Neural Reasoning About Agents' Goals, Preferences, and Actions
This addresses the challenge of generalizing agent reasoning to new situations in AI, though it appears incremental as it builds on existing neural methods with specific enhancements.
The paper tackled the problem of intuitive psychological reasoning about agents' goals, preferences, and actions by proposing the Intuitive Reasoning Network (IRENE), which achieved new state-of-the-art performance on three out of five tasks in the Baby Intuitions Benchmark with up to 48.9% improvement.

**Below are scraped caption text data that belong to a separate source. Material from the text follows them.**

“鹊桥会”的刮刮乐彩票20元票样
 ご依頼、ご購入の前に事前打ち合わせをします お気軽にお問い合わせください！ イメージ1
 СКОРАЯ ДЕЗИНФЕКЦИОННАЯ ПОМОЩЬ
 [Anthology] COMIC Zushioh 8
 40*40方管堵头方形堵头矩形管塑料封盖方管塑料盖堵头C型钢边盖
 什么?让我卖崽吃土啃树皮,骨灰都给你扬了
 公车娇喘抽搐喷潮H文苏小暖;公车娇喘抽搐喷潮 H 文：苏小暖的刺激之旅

We propose the Intuitive Reasoning Network (IRENE) - a novel neural model for intuitive psychological reasoning about agents' goals, preferences, and actions that can generalise previous experiences to new situations. IRENE combines a graph neural network for learning agent and world state representations with a transformer to encode the task context. When evaluated on the challenging Baby Intuitions Benchmark, IRENE achieves new state-of-the-art performance on three out of its five tasks - with up to 48.9% improvement. In contrast to existing methods, IRENE is able to bind preferences to specific agents, to better distinguish between rational and irrational agents, and to better understand the role of blocking obstacles. We also investigate, for the first time, the influence of the training tasks on test performance. Our analyses demonstrate the effectiveness of IRENE in combining prior knowledge gained during training for unseen evaluation tasks.